'''
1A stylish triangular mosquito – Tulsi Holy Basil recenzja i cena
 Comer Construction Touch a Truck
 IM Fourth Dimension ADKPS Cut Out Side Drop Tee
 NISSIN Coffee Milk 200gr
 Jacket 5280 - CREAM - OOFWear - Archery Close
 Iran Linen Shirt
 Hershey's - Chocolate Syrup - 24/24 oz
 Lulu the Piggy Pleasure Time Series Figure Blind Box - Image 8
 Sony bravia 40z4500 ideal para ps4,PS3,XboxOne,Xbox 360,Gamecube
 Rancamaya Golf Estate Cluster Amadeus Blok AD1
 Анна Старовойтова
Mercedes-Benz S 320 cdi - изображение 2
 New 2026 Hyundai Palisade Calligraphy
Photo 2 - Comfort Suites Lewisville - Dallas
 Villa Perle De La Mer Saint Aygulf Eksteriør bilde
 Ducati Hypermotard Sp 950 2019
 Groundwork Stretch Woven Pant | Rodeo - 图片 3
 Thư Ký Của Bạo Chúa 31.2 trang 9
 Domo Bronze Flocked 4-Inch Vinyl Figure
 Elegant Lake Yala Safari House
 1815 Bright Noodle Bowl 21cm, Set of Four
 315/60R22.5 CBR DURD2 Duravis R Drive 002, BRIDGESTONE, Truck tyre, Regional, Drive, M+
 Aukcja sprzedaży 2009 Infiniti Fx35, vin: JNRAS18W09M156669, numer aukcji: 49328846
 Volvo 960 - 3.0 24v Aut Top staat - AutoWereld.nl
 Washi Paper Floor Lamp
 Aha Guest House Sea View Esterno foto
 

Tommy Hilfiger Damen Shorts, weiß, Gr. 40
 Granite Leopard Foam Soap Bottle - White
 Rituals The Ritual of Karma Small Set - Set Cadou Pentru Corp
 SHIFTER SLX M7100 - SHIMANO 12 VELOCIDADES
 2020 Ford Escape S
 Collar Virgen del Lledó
'''
Every line from the top of the material through the line containing "Hershey's - Chocolate Syrup - 24/24 oz" must be transcribed exactly, and no other line may appear.

• Output below:
1A stylish triangular mosquito – Tulsi Holy Basil recenzja i cena
 Comer Construction Touch a Truck
 IM Fourth Dimension ADKPS Cut Out Side Drop Tee
 NISSIN Coffee Milk 200gr
 Jacket 5280 - CREAM - OOFWear - Archery Close
 Iran Linen Shirt
 Hershey's - Chocolate Syrup - 24/24 oz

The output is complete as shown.